After a move into cooked ham in early 2012, Kerry Foods is taking its market-leading Richmond sausage brand into yet another meat category with the launch of meatballs aimed at kids.

Some may question the timing, given meatballs are among the products caught up in the horsemeat scandal, but Kerry is going ahead, launching Richmond Mini Meatballs, pre-cooked meatballs made from pork sausagemeat.

They come in chilled (rsp: £2 for 200g) and frozen (rsp: £2.50 for 400g) formats. The frozen variant will go on sale from 3 March, while the chilled will launch in April.

Kerry has secured listings with all of the big four, where the meatballs will be sited in the branded sausage and meatballs fixtures.

The launch will be supported by a £2m campaign, including a new TV ad. Kerry also plans to push Mini Meatballs through in-store sampling and posters.

The meatball category was worth £62.3m and growing at 7.7% year-on-year [Nielsen 52 w/e 2 February 2013], but household penetration stood at just 24% [Kantar 52 w/e 28 October 2012] which meant there was “still significant headroom for growth,” said Kerry.

The launch would attract loyal Richmond shoppers to meatballs, added marketing manager Dawn Simon, and would support “the category growth ambitions of our retail partners in this emerging segment”.

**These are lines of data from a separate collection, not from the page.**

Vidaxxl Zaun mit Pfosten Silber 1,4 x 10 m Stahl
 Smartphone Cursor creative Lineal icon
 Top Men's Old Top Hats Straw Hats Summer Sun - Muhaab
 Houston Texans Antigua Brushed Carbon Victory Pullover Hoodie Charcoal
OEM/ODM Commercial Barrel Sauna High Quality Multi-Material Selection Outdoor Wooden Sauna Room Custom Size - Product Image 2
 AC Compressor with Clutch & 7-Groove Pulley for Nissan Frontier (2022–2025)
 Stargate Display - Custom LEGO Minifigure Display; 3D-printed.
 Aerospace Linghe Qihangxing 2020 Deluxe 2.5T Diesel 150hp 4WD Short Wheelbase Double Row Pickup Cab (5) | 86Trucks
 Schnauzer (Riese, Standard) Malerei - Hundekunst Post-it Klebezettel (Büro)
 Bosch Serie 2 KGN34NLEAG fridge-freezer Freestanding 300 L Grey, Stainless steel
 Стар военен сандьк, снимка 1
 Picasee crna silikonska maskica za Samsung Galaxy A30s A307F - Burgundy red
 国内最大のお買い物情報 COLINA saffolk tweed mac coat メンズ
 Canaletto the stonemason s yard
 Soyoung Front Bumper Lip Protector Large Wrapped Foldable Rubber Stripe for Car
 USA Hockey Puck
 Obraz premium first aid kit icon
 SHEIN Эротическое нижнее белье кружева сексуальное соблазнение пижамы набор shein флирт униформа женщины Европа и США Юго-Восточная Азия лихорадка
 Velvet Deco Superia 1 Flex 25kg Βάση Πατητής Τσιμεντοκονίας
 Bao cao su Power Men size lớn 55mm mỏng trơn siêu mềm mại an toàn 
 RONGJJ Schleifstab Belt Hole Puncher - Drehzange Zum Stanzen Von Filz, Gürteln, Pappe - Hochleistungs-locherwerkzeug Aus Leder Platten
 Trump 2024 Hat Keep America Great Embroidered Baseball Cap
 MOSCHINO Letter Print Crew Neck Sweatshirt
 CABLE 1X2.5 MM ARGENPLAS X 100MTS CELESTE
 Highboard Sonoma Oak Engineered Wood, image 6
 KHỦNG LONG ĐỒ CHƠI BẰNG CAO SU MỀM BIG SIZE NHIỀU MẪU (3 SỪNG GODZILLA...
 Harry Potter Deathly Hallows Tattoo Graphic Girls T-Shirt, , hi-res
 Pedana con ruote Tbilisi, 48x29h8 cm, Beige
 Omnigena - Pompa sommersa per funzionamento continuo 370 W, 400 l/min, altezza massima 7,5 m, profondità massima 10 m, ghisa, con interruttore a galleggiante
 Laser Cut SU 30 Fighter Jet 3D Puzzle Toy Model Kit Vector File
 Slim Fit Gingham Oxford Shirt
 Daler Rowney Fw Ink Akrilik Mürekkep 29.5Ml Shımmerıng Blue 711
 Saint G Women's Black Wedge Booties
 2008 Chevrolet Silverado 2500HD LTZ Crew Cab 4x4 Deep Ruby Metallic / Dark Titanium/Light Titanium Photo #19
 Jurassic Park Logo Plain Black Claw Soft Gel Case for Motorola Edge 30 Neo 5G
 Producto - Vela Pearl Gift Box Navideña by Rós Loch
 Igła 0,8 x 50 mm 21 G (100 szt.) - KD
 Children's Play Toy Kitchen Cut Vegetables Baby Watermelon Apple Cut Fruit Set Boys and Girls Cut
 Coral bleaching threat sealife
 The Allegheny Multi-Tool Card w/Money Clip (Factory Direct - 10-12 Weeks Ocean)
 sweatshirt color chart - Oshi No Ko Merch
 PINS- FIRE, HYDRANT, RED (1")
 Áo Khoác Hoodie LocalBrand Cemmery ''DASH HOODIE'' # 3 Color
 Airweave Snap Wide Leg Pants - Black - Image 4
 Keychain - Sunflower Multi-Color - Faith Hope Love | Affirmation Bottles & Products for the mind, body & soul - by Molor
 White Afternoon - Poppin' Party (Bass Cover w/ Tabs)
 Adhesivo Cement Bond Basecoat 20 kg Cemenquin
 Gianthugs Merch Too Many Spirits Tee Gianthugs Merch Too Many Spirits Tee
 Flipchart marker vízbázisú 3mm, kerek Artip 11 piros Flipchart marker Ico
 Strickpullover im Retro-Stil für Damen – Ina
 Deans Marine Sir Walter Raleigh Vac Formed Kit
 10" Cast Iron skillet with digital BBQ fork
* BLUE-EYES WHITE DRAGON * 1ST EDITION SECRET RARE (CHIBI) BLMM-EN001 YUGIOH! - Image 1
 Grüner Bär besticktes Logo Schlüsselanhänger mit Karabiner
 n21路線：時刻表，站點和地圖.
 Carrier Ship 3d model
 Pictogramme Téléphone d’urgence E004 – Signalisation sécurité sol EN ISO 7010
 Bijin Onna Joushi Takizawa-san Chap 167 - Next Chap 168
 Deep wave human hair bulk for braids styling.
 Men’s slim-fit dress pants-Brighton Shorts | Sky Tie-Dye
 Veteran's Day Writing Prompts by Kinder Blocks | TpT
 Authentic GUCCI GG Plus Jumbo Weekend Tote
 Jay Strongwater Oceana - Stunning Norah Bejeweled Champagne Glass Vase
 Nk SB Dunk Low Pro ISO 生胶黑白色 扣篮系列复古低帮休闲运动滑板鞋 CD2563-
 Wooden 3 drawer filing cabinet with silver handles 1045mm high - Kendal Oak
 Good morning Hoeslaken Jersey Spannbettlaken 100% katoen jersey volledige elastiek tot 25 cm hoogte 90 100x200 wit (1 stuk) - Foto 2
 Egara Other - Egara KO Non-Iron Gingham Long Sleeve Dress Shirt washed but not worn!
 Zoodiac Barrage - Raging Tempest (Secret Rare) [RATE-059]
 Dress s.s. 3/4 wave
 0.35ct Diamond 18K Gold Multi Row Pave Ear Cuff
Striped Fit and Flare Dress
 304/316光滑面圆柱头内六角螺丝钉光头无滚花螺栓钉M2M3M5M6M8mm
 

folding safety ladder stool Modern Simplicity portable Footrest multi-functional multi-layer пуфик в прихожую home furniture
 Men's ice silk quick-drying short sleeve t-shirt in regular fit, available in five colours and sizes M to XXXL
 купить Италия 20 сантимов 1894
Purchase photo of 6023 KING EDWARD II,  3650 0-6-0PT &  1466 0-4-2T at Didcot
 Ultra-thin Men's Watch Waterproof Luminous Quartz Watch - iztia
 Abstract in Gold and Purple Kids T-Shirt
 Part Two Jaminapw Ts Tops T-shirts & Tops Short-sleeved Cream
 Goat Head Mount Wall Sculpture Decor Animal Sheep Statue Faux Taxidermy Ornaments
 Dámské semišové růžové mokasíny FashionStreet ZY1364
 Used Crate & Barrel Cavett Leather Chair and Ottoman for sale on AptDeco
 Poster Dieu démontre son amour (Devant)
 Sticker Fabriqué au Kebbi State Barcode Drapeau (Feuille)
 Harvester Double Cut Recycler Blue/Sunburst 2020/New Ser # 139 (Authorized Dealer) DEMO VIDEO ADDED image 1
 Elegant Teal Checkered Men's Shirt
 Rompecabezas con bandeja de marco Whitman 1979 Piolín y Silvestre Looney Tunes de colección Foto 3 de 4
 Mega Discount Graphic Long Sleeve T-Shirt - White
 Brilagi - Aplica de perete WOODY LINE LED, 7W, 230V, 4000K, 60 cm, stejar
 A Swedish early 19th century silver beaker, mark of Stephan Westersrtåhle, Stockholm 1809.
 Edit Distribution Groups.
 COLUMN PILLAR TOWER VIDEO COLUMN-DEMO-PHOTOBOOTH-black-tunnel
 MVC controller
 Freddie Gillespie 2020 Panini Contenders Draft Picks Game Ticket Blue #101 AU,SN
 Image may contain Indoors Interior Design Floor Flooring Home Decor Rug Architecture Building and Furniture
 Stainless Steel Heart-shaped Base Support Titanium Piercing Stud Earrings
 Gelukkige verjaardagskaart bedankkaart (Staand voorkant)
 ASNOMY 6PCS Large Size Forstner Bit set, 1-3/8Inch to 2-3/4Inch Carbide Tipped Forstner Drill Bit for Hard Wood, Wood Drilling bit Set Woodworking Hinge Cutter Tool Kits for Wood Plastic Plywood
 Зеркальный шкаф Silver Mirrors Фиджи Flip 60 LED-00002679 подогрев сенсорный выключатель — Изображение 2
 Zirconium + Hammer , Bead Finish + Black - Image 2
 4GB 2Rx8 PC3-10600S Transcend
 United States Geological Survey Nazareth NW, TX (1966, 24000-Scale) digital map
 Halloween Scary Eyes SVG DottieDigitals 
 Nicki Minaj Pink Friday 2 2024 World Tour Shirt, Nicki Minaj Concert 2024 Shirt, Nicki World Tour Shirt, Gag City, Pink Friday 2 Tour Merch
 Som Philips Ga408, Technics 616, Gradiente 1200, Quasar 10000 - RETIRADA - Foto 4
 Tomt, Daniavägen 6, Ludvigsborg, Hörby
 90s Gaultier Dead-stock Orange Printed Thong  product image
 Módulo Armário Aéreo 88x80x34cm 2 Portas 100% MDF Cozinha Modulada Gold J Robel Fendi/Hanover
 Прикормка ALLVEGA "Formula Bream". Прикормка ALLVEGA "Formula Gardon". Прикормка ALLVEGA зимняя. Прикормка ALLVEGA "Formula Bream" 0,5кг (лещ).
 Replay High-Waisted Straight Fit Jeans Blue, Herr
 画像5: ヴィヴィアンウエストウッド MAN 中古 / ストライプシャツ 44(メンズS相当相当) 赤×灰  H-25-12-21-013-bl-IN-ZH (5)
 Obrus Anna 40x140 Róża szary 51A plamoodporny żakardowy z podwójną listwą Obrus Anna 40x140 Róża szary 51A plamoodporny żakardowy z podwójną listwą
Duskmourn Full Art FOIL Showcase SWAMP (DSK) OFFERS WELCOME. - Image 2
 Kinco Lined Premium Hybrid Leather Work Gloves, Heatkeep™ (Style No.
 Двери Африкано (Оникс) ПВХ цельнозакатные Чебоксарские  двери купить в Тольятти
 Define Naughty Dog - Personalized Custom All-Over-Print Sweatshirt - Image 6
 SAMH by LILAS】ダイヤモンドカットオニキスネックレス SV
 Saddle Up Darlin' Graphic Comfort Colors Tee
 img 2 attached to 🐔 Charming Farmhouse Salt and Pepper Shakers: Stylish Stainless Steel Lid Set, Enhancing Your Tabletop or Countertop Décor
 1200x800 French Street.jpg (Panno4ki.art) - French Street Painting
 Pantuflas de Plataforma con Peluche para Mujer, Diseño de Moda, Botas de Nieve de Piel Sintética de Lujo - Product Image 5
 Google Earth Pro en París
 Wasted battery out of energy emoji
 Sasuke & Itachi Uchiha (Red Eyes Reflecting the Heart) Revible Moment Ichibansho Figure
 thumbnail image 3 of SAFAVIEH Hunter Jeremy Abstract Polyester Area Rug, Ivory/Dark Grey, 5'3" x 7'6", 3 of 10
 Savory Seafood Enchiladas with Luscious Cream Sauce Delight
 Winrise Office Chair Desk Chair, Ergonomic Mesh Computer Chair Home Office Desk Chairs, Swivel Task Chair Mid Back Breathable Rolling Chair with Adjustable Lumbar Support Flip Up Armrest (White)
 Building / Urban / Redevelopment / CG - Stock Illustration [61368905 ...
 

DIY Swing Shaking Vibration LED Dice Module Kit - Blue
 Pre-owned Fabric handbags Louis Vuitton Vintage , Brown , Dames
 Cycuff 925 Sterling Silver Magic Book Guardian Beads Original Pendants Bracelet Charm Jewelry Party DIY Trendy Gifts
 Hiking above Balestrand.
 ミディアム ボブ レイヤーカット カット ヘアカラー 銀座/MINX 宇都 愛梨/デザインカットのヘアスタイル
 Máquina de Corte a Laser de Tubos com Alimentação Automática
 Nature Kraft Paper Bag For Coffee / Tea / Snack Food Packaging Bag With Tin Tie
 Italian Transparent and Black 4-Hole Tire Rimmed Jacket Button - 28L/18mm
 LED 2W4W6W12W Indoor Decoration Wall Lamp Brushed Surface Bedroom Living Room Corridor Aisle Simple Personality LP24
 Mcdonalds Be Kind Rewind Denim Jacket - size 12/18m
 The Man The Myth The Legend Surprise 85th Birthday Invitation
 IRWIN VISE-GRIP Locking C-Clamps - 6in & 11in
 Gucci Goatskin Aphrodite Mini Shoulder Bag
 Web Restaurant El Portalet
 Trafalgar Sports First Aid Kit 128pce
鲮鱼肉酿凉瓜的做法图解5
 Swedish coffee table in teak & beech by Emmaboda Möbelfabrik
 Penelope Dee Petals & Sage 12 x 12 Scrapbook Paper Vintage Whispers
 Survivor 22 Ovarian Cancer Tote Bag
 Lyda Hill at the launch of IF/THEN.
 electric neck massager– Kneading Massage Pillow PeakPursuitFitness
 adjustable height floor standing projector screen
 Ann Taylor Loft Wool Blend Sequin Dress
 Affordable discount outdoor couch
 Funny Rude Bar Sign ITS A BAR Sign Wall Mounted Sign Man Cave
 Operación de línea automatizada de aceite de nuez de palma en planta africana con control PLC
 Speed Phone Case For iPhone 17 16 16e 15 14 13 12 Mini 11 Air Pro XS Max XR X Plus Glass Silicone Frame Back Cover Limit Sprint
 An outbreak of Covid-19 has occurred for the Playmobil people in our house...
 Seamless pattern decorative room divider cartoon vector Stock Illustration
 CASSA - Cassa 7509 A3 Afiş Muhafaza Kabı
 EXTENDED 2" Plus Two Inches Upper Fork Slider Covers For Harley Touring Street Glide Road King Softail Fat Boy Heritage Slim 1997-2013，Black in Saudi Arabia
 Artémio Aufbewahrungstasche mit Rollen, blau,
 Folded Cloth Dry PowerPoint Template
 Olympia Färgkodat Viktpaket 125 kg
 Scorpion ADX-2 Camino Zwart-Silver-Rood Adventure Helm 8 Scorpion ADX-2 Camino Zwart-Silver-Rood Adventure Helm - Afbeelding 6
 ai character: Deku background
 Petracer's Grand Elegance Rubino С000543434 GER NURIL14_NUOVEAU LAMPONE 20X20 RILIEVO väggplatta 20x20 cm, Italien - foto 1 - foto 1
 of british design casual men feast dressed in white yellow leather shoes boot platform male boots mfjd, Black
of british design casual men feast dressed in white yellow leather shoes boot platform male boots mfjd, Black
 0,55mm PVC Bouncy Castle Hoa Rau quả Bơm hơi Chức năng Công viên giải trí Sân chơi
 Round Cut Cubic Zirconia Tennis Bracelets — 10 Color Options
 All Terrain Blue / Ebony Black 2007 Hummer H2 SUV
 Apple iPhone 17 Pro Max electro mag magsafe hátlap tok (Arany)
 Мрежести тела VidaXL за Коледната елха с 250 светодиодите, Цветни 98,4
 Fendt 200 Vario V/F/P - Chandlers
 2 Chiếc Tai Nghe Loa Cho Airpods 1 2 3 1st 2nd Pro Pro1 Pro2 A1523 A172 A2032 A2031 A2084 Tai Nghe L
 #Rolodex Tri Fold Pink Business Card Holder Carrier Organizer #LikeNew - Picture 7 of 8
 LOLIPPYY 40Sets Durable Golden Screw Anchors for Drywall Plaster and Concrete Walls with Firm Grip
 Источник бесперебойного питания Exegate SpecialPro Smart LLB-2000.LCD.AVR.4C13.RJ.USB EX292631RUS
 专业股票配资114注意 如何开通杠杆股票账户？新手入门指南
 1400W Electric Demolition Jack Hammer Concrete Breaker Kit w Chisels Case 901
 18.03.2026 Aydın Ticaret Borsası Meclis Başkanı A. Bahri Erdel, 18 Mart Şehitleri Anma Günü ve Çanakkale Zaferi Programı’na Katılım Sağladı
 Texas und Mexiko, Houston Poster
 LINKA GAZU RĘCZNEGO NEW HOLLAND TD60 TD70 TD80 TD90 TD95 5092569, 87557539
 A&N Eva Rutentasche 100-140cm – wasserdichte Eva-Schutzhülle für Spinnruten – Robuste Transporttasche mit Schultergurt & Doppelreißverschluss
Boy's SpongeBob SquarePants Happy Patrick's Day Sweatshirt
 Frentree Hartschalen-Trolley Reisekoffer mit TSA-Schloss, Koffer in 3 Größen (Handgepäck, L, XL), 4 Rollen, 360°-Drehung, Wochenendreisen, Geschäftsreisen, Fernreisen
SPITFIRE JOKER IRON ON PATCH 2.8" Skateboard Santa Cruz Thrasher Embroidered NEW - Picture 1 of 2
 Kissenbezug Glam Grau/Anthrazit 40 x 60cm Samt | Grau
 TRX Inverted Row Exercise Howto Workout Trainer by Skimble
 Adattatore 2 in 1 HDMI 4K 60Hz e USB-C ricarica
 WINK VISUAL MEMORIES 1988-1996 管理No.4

Unlike the sausageballs launched under fellow Kerry brand Wall’s last year, Richmond Mini Meatballs were aimed specifically at mums of two to nine-year-old children and were pre-cooked, she said.

This week, Ikea halted sales of meatballs across most EU countries after a batch tested positive for horsemeat in the Czech Republic. None of Kerry’s beef products have tested positive for either pork or horse DNA.